Mr. Fitzgerald has apparently been under serious considerat­ion for the job, and if he winds up being the mayor’s pick, he comes with some baggage — reports of bad morale in Ft. Worth, police brutality complaints from his time as chief in Allentown, four jobs in five years — all of which is magnified by the confusion about whether he had or hadn’t been offered the post.

It appears that the Pugh administra­tion isn’t directly to blame for the sequence of events that led to Ft. Worth Mayor Betsy’ Price’s premature (if not outright incorrect) confirmati­on of Mr. Fitzgerald's appointmen­t. But we can be fairly certain that it would not have happened this way if the process had been as open and transparen­t as Mayor Pugh initially suggested it would be — or certainly as open as it is in other cities. There has been no listening tour, no advisory panel — at least not one that has been officially named or is subject to open meetings or public informatio­n laws. And unlike the routine practice of other big cities — including Ft. Worth and a number of others for which Mr. Fitzgerald has applied for the top job — Mayor Pugh does not intend to name her finalists or give the public the opportunit­y to consider them and their qualificat­ions before she makes her pick. Instead, we are told to expect a fait accompli by the end of the month.

But whoever she picks, she doesn’t have the final say. The City Council does. Mayor Pugh hasn’t kept its members abreast of the selection process, but they will have the opportunit­y to hold hearings, conduct community outreach and investigat­e the background of whoever Mayor Pugh nominates before deciding whether to confirm him or her. They need to take that task more seriously than they ever have before, and they appear prepared to do so. A spokesman for City Council President Bernard C. “Jack” Young says the council stands prepared to take a delegation including community members to whatever city the nominee is from to learn as much as possible about him or her.

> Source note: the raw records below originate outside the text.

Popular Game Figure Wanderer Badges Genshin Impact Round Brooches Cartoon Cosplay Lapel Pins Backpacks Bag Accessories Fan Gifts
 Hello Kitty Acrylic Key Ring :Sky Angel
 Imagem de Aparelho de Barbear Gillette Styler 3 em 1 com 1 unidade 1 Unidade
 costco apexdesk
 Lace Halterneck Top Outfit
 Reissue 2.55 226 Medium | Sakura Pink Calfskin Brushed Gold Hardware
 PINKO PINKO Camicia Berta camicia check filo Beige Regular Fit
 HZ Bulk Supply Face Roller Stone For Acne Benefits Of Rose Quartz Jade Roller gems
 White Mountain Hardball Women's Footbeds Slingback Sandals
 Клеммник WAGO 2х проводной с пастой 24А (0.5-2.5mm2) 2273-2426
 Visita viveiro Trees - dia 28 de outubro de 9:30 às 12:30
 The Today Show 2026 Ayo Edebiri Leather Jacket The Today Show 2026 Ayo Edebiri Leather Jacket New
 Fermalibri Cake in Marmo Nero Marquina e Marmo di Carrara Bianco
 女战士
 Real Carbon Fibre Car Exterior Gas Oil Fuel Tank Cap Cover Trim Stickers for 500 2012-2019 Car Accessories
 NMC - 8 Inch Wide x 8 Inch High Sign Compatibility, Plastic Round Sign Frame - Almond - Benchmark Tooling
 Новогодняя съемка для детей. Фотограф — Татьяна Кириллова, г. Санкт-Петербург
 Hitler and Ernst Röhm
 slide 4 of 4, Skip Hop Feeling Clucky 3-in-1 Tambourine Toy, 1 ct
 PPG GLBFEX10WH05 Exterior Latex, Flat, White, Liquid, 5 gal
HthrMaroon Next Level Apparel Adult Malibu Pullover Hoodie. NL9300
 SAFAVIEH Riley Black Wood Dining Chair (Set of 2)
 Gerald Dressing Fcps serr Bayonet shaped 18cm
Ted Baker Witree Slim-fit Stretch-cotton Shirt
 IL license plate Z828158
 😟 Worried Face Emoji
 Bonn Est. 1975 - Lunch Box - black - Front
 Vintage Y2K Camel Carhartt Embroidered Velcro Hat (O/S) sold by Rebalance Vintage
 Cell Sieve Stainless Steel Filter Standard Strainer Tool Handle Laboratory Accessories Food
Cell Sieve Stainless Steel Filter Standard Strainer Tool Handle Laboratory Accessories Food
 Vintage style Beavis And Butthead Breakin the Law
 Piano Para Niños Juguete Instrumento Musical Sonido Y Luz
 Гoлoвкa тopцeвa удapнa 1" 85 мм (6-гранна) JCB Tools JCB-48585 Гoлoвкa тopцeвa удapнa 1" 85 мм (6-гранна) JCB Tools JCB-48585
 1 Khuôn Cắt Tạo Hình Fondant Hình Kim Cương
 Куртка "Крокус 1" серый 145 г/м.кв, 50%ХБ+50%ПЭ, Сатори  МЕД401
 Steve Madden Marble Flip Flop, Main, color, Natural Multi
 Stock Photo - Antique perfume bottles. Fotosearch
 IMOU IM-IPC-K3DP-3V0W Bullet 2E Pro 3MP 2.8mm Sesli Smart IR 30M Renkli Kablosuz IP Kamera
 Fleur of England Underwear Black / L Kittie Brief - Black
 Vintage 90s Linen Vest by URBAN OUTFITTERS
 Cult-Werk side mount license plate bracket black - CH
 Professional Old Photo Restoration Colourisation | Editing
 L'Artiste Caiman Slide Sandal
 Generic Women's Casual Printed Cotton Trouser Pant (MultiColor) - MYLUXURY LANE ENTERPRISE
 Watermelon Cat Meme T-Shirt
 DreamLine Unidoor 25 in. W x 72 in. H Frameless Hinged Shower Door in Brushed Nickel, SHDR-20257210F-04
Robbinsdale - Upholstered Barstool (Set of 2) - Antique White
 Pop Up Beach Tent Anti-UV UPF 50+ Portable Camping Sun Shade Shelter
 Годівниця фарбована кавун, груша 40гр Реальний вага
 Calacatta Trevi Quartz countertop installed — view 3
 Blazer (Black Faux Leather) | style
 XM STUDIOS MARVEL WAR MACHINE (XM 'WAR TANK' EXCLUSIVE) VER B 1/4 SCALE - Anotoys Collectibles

That’s good. They need to approach this process with a completely open mind — by which we mean they should go into it with neither automatic deference nor animus toward the mayor’s selection. This is not a case in which we should simply assume that she should have the latitude to pick her own team. The council needs to decide the matter on its merits not as a broader proxy for whether they do or don’t support the mayor, and certainly based on no ambition other than that for the city to thrive. The Darryl De Sousa debacle, in which the long-time Baltimore cop with good personal relationsh­ips on the council was quickly confirmed only to be forced out a few months later after an indictment on tax charges, should serve as a glaring reminder that we can take nothing for granted.

Whoever gets this job stands to be Baltimore’s fourth police commission­er in a calendar year. It is no exaggerati­on to say that the turmoil and infighting in the department is costing lives on the streets. We need to do whatever it takes to get this right.